Peter Satterly shared picures and research he'd compiled on “cottage” gas stations, found in many parts of this region in the 1930s. He had images of gas stations built in that style including: Island Park Drive in Ottawa, Vankleek Hill, Killaloe, Kingston and Toronto.
Here's an explanation on that style in an Ottawa Citizen article from Sept. 2014 by Andrew King:
In the 1920s, curb-side gas pumps downtown were being replaced by drive-in filling stations in the suburbs as more people began to buy cars and move to the outskirts of the city. These new gas stations were created by oil companies who wanted their gas stations to blend into residential neighbourhoods so they built them to resemble the houses that would surround them.
Only a few of these cottage gas stations remain in North America, and the United States recently designated their surviving examples on the National Register of Historic Places.
Ruth Wright brought two long wooden boxes used by her mother to hold jewelry. (Wright's mother was born in 1911.) Ruth also shared a locket with a photo of her parents. The box was a fixture on her mother's dresser. Judging by its vintage and shape, some of the audience guessed it may have originally been a glove box. Wright reminded us all of the importance of getting details from the source, while they are still easily gotten, something she regrets not having done herself in this case.

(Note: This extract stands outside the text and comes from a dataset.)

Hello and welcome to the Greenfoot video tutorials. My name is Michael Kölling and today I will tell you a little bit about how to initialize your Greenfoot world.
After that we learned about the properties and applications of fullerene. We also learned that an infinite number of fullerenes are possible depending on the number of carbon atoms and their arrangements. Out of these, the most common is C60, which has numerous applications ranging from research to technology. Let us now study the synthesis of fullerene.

Val Lister brought two more beauties from her extensive lamp collection, these dating from about 1750. They burned heavy oil (with the consistency of tar!) and were gravity-fed. The larger lamp had a “bulb” in a shape that may have inspired the shape of the electric light bulb to come. The smaller lamp had a strip of gradation marks beside the clear glass, which could function as an early time-clock, with the level of the fuel indicating how long it had burned. Lister's lamps are always a wonderful peek into the history of lighting.

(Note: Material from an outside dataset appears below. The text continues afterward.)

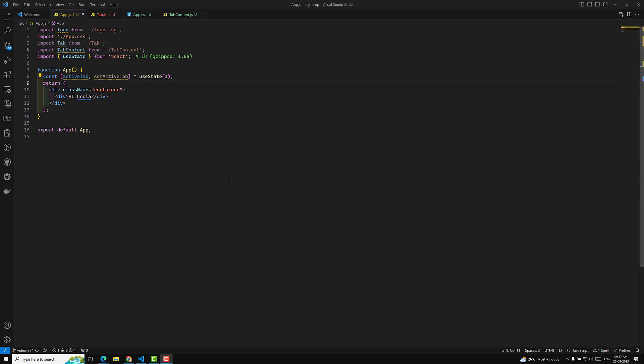Hi friends, this is Leela. Welcome to my channel Leela WebDev. In this video I will try to show you one concept in React 18 which is exclusive to React 18, and that is state update batching.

Brandon Kassis' father recently acquired a house which contained all sorts of stuff, including a “Yashika 44”, a twin reflex camera, popular in the late 1950s. The camera still contained film and Brandon impulsively snapped a shot of his younger brother. A cousin was able to develop the (very-old) film. The only shot that turned out was Brandon's. Being a black and white print, the photo has a very classic quality.
Dennis Osmond brought in an old board game that had belonged to his father, who grew up in Bournemouth, England. It was boldly titled “The new game of British Empire: Trading with the Colonies”. Osmond studied the steamships shown on the game box and board (taking note of how many smokestacks they had, in what placement) to help date the game to about 1911. The activity combined action with education as players raced to move finished goods from England to far-flung colonies and return with raw materials. The Suez Canal was one available route. The Panama Canal was not a choice in this game, as that did not open until 1914.

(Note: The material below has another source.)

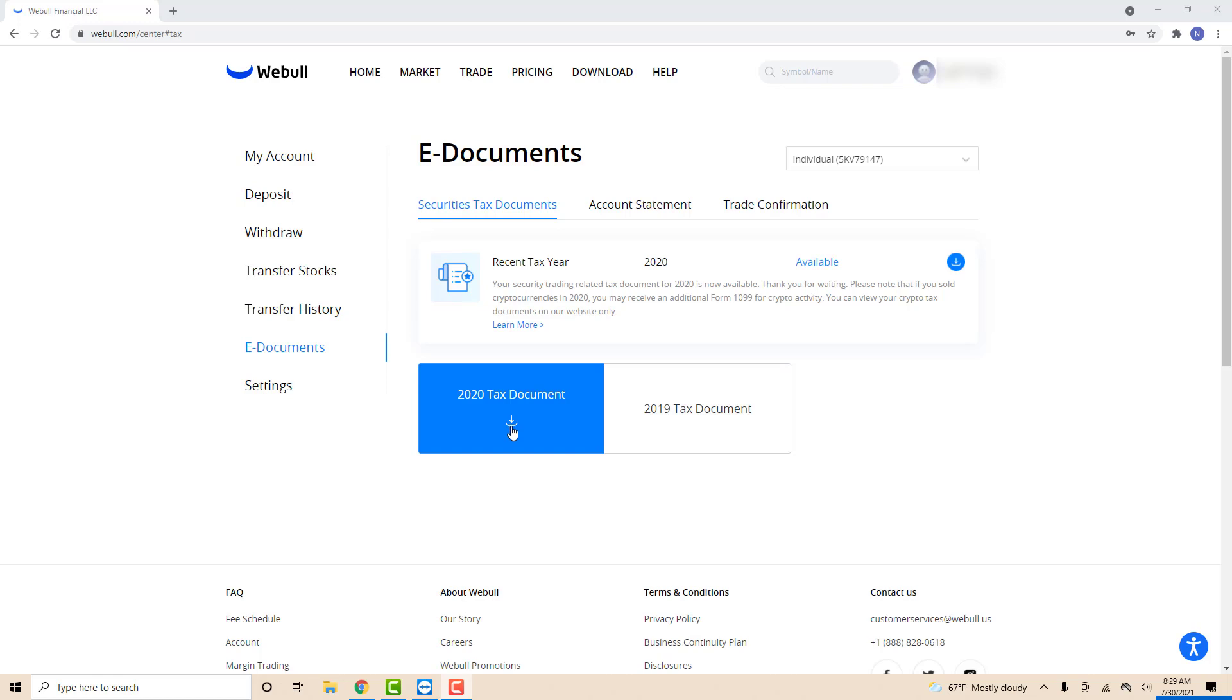Click on the tax document you want to download. After that, you will see a download symbol under the name of the document you want to download. To continue, click on the download symbol.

For an “educational” game, the geography was found wanting in details and quality. In that rendering, Canada was a sparse expanse with almost no cities to speak of - the largest and most important of which was...Winnipeg! Oddly, the map of Australia was quite well detailed, including a boundary change that also dates to 1911.
All in all, the evening was another romp through many attics, with unexpected whimsy and many interesting details.
Dennis Osmond shows "The new game of British Empire"; a board game circa 1911.